Paul Newey: Got the call yesterday, actually. The story is that I just bought into the little one for one drop. I just sat down and take my seat so I got the phone call saying I was in the game. So I had to surrender my chips yesterday. Everyone at the table was pretty pleased to get some free chips. It was a really good game. When I say good, I don't mean easy. It was probably the most difficult cash game I've ever played in really. Yeah, I really enjoyed it. It was a really challenging game which is the sort of game I like. And I came out a winner as well so that was a bonus. I really enjoyed it.

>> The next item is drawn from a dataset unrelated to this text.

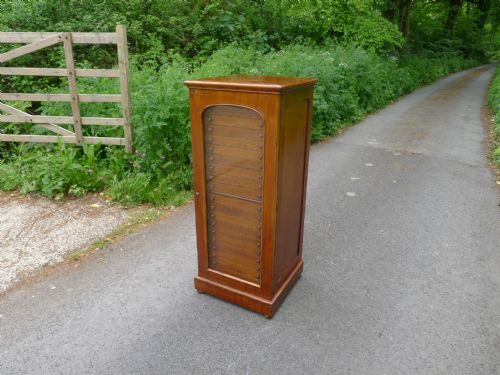 fig 2. A SUPERB AND ORIGINAL 20 DRAWER ENTOMOLOGICAL COLLECTORS SPECIMEN CABINET BY CHARLES BRADY OF EDMONTON. CIRCA 1900.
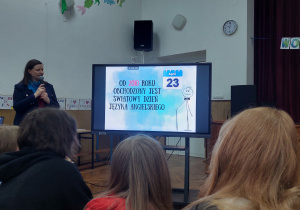 uczniowie i nauczyciel patrzą na ekran monitora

Pretty much played all of the players apart from the Australian guy. I'm never come across him before but the rest I have played cash games with [Seeva], Antonius, [Doxons], Trickett, a few times. Pretty much everybody at the table really. I am used to them.
I still got a rush of the table, playing against that caliber of player. Obviously, high stakes, on TV as well. You don't want to do anything too stupid or anything that makes you look like an idiot. Just puts the pressure on a little bit more, I think.
Yeah, there is. There is. [Inaudible]. It's definitely a higher level. Basically a lot more aggressive, lot more three bay, four bay. A lot of people making moves without made hands. That typically is what you see in the high stakes games.
What happened was they strangely called me away for an interview when I was on the big blind. I think the flop came down Ace of Spades, Queen of Clubs, Queen of Clubs. I think it was a two way pot and none of the players spotted it but I think a back crew spotted it and stopped the action. I don't think the dealer spotted the action either as far as I could tell. And I think we played about ten hands with a new deck because this was quite soon after dinner. So it was a new deck of cards, apparently. I'm pretty sure that none of the players were aware there was two Queen of clubs and I don't think anyone noticed it. I'm pretty sure no one noticed on the flop. I don't think it actually made any overall difference but it was a bit of a shame for our area, you know, in a game like that televised that that happened. Apparently, it can happen and it did.
I think [Dog Pogs] was the most upset because I think he won the pot which had to be surrendered. Everyone....it was just one of those things. These guys have played an awful lot of poker. They've probably seen it before. It's just one of those things you have to take.
You know, start taking in some WPT's now as well, some of the smaller stuff. Probably try to not travel quite so far so makes us cut down on Australia and Makow and try to do some more European tours. I pretty much already do all the EPT's anyway but try to pick up some WPT's in as well.
It is always good when non-professionals get high spots in these tournaments. It would be nice to see some more people in there.